As I am forwarding the JSON log to Logstash using tcp, the whole message is shown as below:
Nov 30 05:28:02 ubuntu sysmon: <Event><System><Provider Name="Linux-Sysmon" Guid="{ff032593-a8d3-4f13-b0d6-01fc615a0f97}"/><EventID>1</EventID><Version>5</Version><Level>4</Level><Task>1</Task><Opcode>0</Opcode><Keywords>0x8000000000000000</Keywords><TimeCreated SystemTime="2021-11-30T05:28:02.358007000Z"/><EventRecordID>274376</EventRecordID><Correlation/><Execution ProcessID="1095" ThreadID="1095"/><Channel>Linux-Sysmon/Operational</Channel><Computer>ubuntu</Computer><Security UserId="0"/></System><EventData><Data Name="RuleName">-</Data><Data Name="UtcTime">2021-11-24 07:14:26.940</Data><Data Name="ProcessGuid">{3b95acb1-e652-619d-31b4-afeedb550000}</Data><Data Name="ProcessId">77439</Data><Data Name="Image">/usr/bin/cat</Data><Data Name="FileVersion">-</Data><Data Name="Description">-</Data><Data Name="Product">-</Data><Data Name="Company">-</Data><Data Name="OriginalFileName">-</Data><Data Name="CommandLine">cat syslog</Data><Data Name="CurrentDirectory">/home/ubuntu</Data><Data Name="User">ubuntu</Data><Data Name="LogonGuid">{3b95acb1-b63f-61a5-e803-000000000000}</Data><Data Name="LogonId">1000</Data><Data Name="TerminalSessionId">68</Data><Data Name="IntegrityLevel">no level</Data><Data Name="Hashes">-</Data><Data Name="ParentProcessGuid">{3b95acb1-e62f-619d-05d7-79d127560000}</Data><Data Name="ParentProcessId">77404</Data><Data Name="ParentImage">/usr/bin/bash</Data><Data Name="ParentCommandLine">-bash</Data><Data Name="ParentUser">ubuntu</Data></EventData></Event>
Nov 30 05:28:02 ubuntu sysmon: <Event><System><Provider Name="Linux-Sysmon" Guid="{ff032593-a8d3-4f13-b0d6-01fc615a0f97}"/><EventID>5</EventID><Version>3</Version><Level>4</Level><Task>5</Task><Opcode>0</Opcode><Keywords>0x8000000000000000</Keywords><TimeCreated SystemTime="2021-11-30T05:28:02.359124000Z"/><EventRecordID>274377</EventRecordID><Correlation/><Execution ProcessID="1095" ThreadID="1095"/><Channel>Linux-Sysmon/Operational</Channel><Computer>ubuntu</Computer><Security UserId="0"/></System><EventData><Data Name="RuleName">-</Data><Data Name="UtcTime">2021-11-24 07:14:26.941</Data><Data Name="ProcessGuid">{3b95acb1-e652-619d-31b4-afeedb550000}</Data><Data Name="ProcessId">77439</Data><Data Name="Image">/usr/bin/cat</Data><Data Name="User">ubuntu</Data></EventData></Event>
For the message field that's XML and dynamic data, how can I set up the logstash.conf to extract the message field for dynamic?
Thanks a lot.
You would use grok to extract the xml from the log line.

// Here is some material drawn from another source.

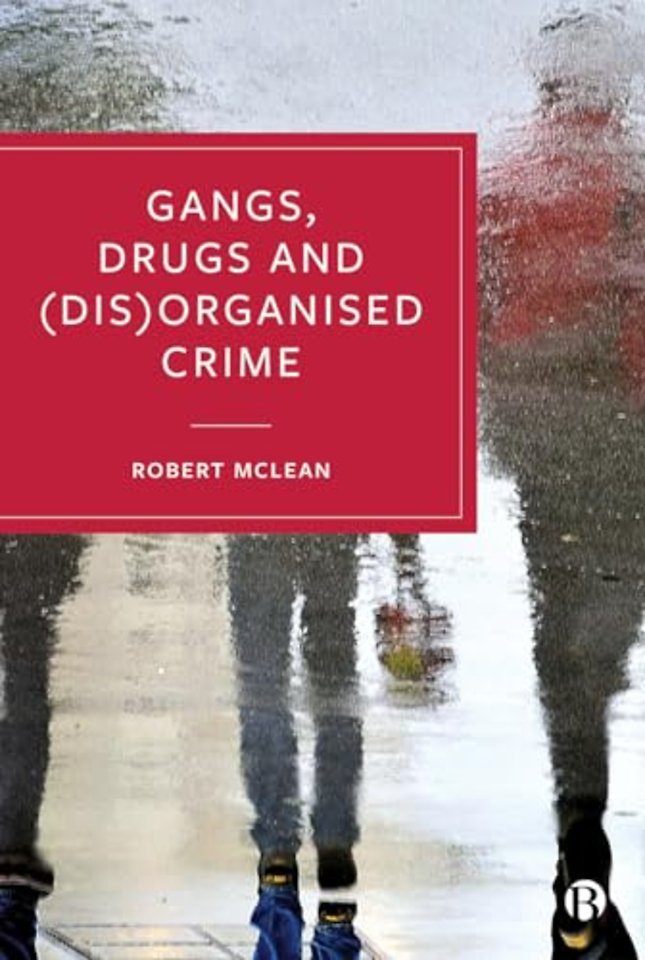 Gangs, Drugs and (Dis)Organised Crime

But from your original kibana screenshot it looks like you have already done that.
As I am not familiar with using the grok, could you help to take an example of my case that how to extract the message field.
Thanks a lot.
You could try
grok { match => { "message" => "%{SYSLOGTIMESTAMP:timestamp} %{WORD:hostname} %{WORD}: %{GREEDYDATA:theXML}" } }
filter {
grok
{
match => { "message" => "%{SYSLOGTIMESTAMP:timestamp} %{WORD:hostname} %{WORD}: %{GREEDYDATA:Message}" }
}
xml {
store_xml => "false"
source => "Message"
}
}
it show _grokparsefailure, _dateparsefailure.

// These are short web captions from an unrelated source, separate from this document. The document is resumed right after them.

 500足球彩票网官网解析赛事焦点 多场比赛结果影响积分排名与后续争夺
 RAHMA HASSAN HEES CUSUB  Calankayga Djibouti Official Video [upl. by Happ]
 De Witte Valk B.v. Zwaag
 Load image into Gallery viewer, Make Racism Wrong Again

Should i receive the log via Json? or just let it as raw or xml?
What does the [message] field look like? (Not the [Message] field, that is different.) How does the [Message] field get created?
The whole log looks like this:
As the raw log is JSON format, so it could extract some parts of data. but there are some raw log which is in XML format that shows in the [Message] field, it should be created by parsing error
So, i just want to extract these XML log field
Thanks.
OK, so forget grok, just do
xml {
store_xml => "false"
source => "Message"
xpath => { "//Event/System/EventID/text()" => "Event_id" }
}
to parse the [Message] (not [message]) field.
It works!
Thanks bro.
Just one more things, How can i extract the data in
<Event>
<EventData>
<Data Name="LogonId">1000</Data>
</EventData>
</Event>
Thanks a lots
Sorry, i just figure out the way.
Thanks man.
This topic was automatically closed 28 days after the last reply. New replies are no longer allowed.